If you’re a parent or caretaker of young children, disabled dependents, or a disabled  spouse, listen up — you may qualify for a special tax credit used for claiming childcare and dependent care expenses. It’s called the child and dependent care tax credit, and you might be able to get back some of the money you spent on these expenses by  claiming it. 

Currently, the child and dependent care credit ranges from 20% to 35% of qualified  expenses. The percentage depends on your adjusted gross income. The maximum  amount of qualified expenses for the credit is: 

• $3,000 for one qualifying person 

• $6,000 for two or more qualifying persons 

The credit percentage phases down depending on your AGI. We’ll discuss how to calculate the amount of the credit you may receive later on in this post. 

Requirements 

1. If you are married, you and your spouse usually file as married filing jointly. You may also claim the credit if your filing status is single, head of household, or  qualifying surviving spouse.

2. You pay for the care so you (and your spouse, if married) can work or look for  work. 

3. You have earned income. If you’re married and living together, both you and your  spouse must have earned income. However, if one spouse is disabled or a full-time student for at least five months during the year, the IRS assigns to that  spouse: The higher of $250 or actual income for the month for one qualifying  person, or the higher of $500 or actual income for the month for two or more  qualifying persons 

4. You and the person(s) being cared for live in the same household for more than  half of the year. 

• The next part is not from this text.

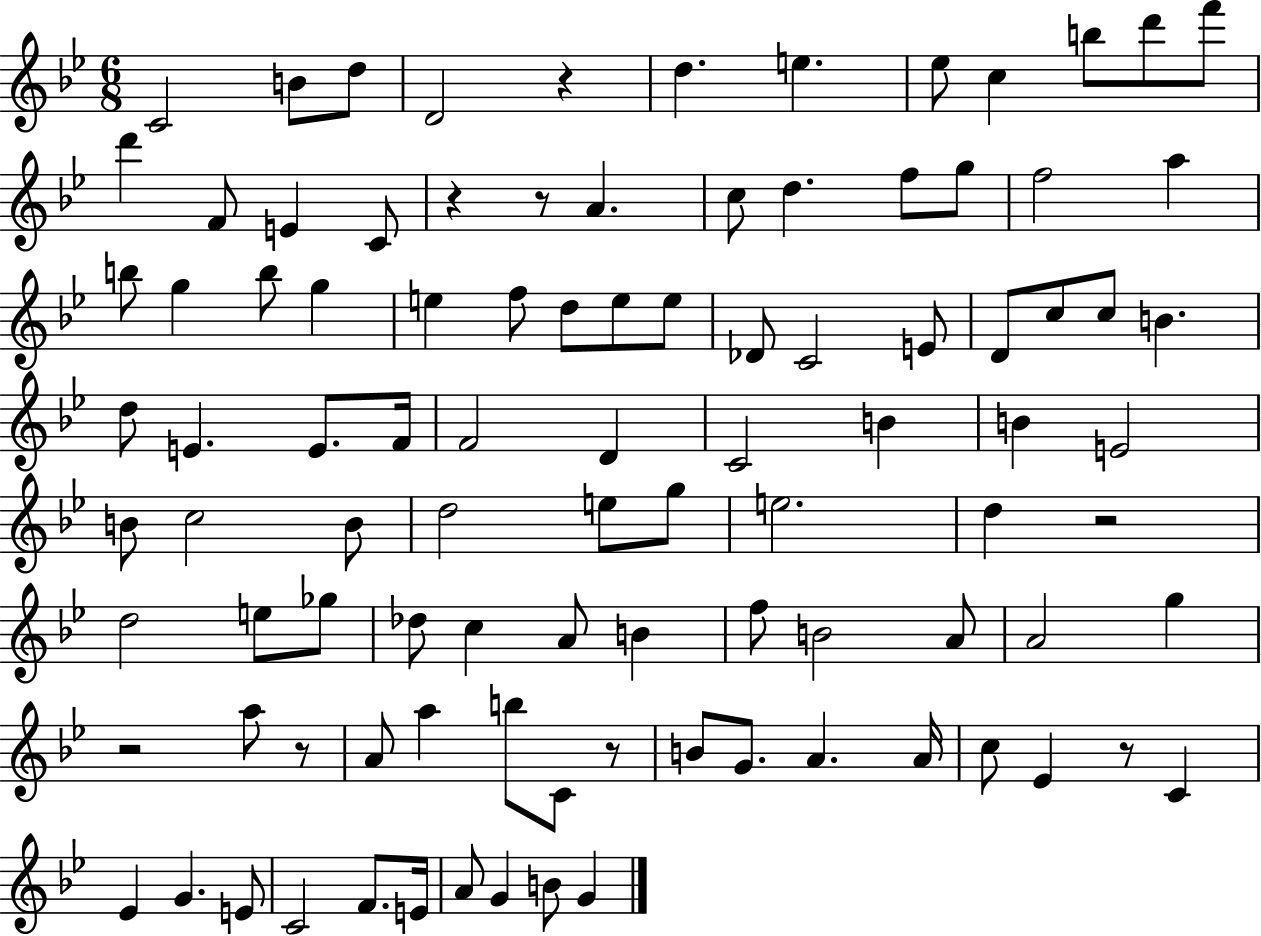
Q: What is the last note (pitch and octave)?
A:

5. The person providing the care can’t be: Your spouse, parent of your qualifying child; or person you can claim as a dependent 

6. If your child provides the care, they: Must be age 19 or older and can’t be your dependent.

Who qualifies 

To claim a child and dependent care credit for qualified expenses, you must pay for care for one or more qualifying people.

Qualifying persons include:

• A dependent who’s a qualifying child and under age 13 when you pay for the care (This age limit does not apply for a child who is disabled). Usually, you must be able to claim the child as a dependent to receive the credit. However, an  exception applies for children of divorced or separated parents. In those  situations, the child is the qualifying child of the custodial parent for purposes of this credit. This may apply even if the noncustodial parent claims the child as a  dependent. 

• Spouse or dependent of any age who meets both of these criteria: Is physically or mentally incapable of self-care and has the same main home as you do when you pay for the care.

Qualified expenses

Qualified child- or dependent-care expenses are those you incur while you work (or look for  work). They should be related to well-being and protection, including: 

• Expenses for care provided outside of your home. If the qualifying person receives  care in a dependent-care center, such as a daycare facility, the center must comply  with all relevant state and local laws. A dependent-care center is one that cares for  more than six people for a fee. Day camp qualifies. Transportation, overnight camps and education of a child in kindergarten or higher doesn’t count.

• Expenses for in-home care, such as: Cooking, light housework related to the qualifying individual’s care, or payments made to the care provider. 

• If the care provider is a household employee, gross wages paid for qualified  services, plus your portion of: Social Security, Medicare, federal unemployment taxes, other payroll taxes paid on the wages and meals, and lodging for the employee providing the services.

How to claim

Luckily, to claim this credit you only need to fill out one extra tax form when completing  your tax return. Complete Form 2441: Child and Dependent Care Expenses and attach it to  your Form 1040 to claim the Child and Dependent Care Credit. 

When you claim the CDCC on your tax return, you will be required to list information about  the care provider, including their name, address, and taxpayer identification number.